- _ACTION ITEM_
Within the listing below, the lines to output run from the one containing "Economie contemporaine : faits, concepts, théories." through the one containing "Rockwall's Best Sandwich"; copy them exactly and nothing else.

- _SUPPLIED ENTRIES_
========================

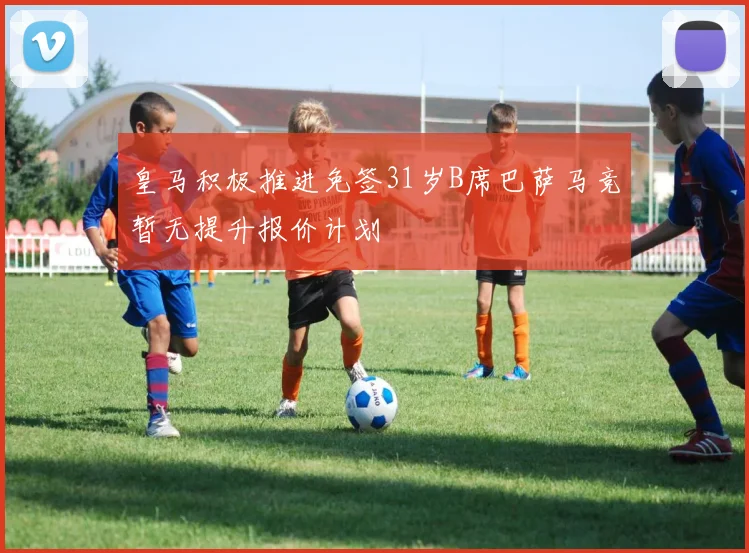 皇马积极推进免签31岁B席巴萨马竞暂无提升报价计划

========================

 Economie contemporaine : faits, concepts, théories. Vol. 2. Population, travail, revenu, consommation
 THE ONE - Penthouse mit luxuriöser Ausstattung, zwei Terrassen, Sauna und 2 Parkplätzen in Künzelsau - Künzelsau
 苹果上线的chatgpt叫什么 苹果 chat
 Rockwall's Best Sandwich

========================

- _COMPLETED TASK_
 Economie contemporaine : faits, concepts, théories. Vol. 2. Population, travail, revenu, consommation
 THE ONE - Penthouse mit luxuriöser Ausstattung, zwei Terrassen, Sauna und 2 Parkplätzen in Künzelsau - Künzelsau
 苹果上线的chatgpt叫什么 苹果 chat
 Rockwall's Best Sandwich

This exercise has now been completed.